Surprisingly, given how many parts and traces this involved, the boards did actually work great! The only board error I could find is some mislabeled test points. A minor nonfunctional issue like that, I can totally live with and be happy with the result.
I also found that there was not a lot of clearance between the micro-USB connector on the Arduino and the front panel PCB. This was a surprise given that the Arduino is basically centered on the board. It looks like there is plenty of room, but the strain relief on a USB cable makes it awkward to jam in there, which was necessary for updating the MCU firmware with a new image. (That, or pulling the MCU out of the instrument entirely.) A bit more clearance (1cm or so) would have been helpful. Cable bend radius can get big, quickly! But I also wanted to keep the digital domain as far away from the power supply domain as possible, and moving it up would have started to get closer than I wanted (or require a bigger board).

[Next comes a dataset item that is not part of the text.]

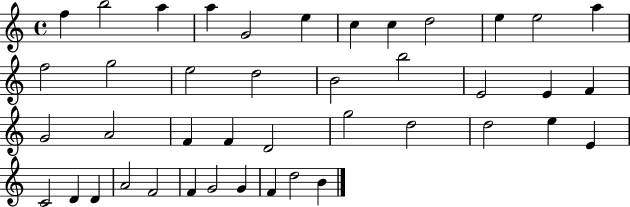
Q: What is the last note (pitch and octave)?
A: B4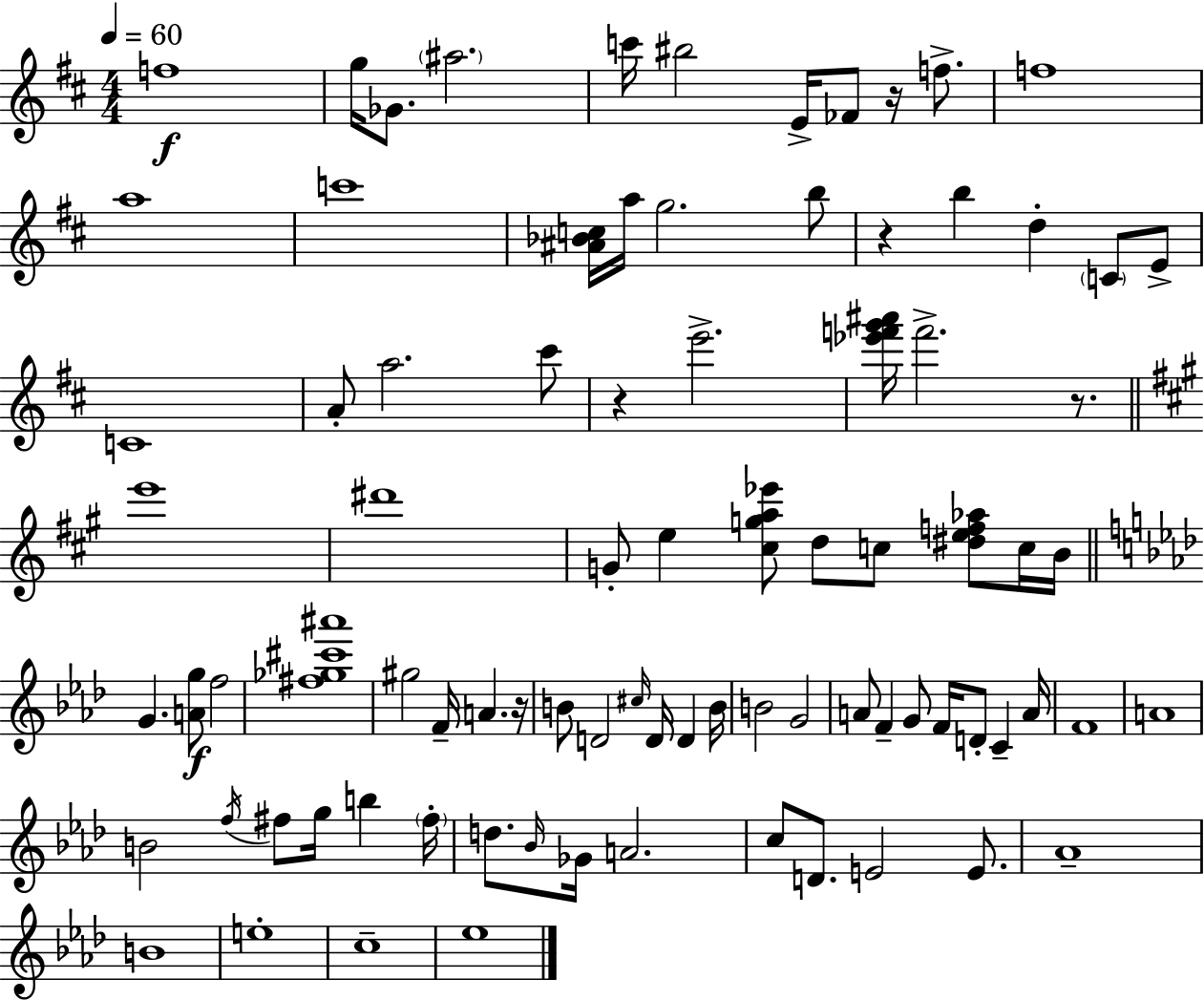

The aluminum PCB as the front panel itself had pros and cons. It was super cheap, and I did get 2 of the 5 aluminum panels that looked good. The overall yield was low, though, so I can imagine a scenario where the gamble didn’t pay off.
Further assembly
I also put all the parts on the front panel PCB at the same time. Then mounted the OLED display on that with some screws and standoffs, and connected everything together with some cable assemblies with simple Dupont connectors. The MCU was an Arduino Feather M4 Express, which is its own mini-PCB with holes for pin headers along the sides. I added the matching female sockets on the main PCB and pushed it into place.
The Hammond case was surprisingly hard to machine. Even thin steel is tricky to drill! I needed to put four holes in the base for mounting the main PCB, at fairly precise positions relative to the front panel, to align the buttons. It’s a lot slower going than cutting aluminum, and I had to start with small pilot holes and work my way up to holes big enough for the M3 screws.
When I turned it on, I was surprised (relieved!) that the power domains all worked correctly. It doesn’t draw too much through the USB socket for the USB supply (it will even run off a USB powered hub attached to a PC). The +15 and -15V regulators also operate smoothly, and were quickly dialed in with a pair of trimpots. The LC filtering on the 5V input keeps the ripple in the digital power domain low, and the analog voltage rails (with their own LC filters, snubbers, and decoupling capacitors) are whisper quiet at < 20 mVpp ripple each.
The MCU also turned on just fine, status LEDs light up, and the op-amps seemed to be doing their thing… but no display. My first assumption was that the LC filter I put ahead of the power feed to the display (to quiet down the noise generated back onto the main 5V supply rail by the OLED’s own 9V boost converter) was being troublesome–perhaps 2.2mH of inductance was pushing it. Probing the OLED power input with a scope showed it did have some fairly high ripple oscillation to it (about 1Vpp!), and while the average voltage was in spec, I wouldn’t have been surprised if the ripple was causing it to dip too low and maybe trigger a reset, or fail to operate the display’s boost converter.
I also probed the control signals that were being sent to the display from an I2C expander and… they were all silent. That’s not right. The connection is one-way, and the MCU should have been sending a steady stream of updated commands for what to display even if the screen were absent. So then I started checking connectivity for the I2C level shifter and bus expander. Then I noticed what looked like some unfused solder paste, and a bigger problem:
The pins of the I2C level shifter were not all aligned to the pads, it was a bit skewed to one side. Most of the pins had proper connectivity but the one in the lower right had about 1 Megaohm of resistance to the nearby resistor. Not quite an open circuit, but definitely malfunctioning. A few seconds of hot air made it snap right back into place, though. The next time I turned it on, the screen came up beautifully. If the ripple on the OLED power input was out of spec, it certainly wasn’t complaining.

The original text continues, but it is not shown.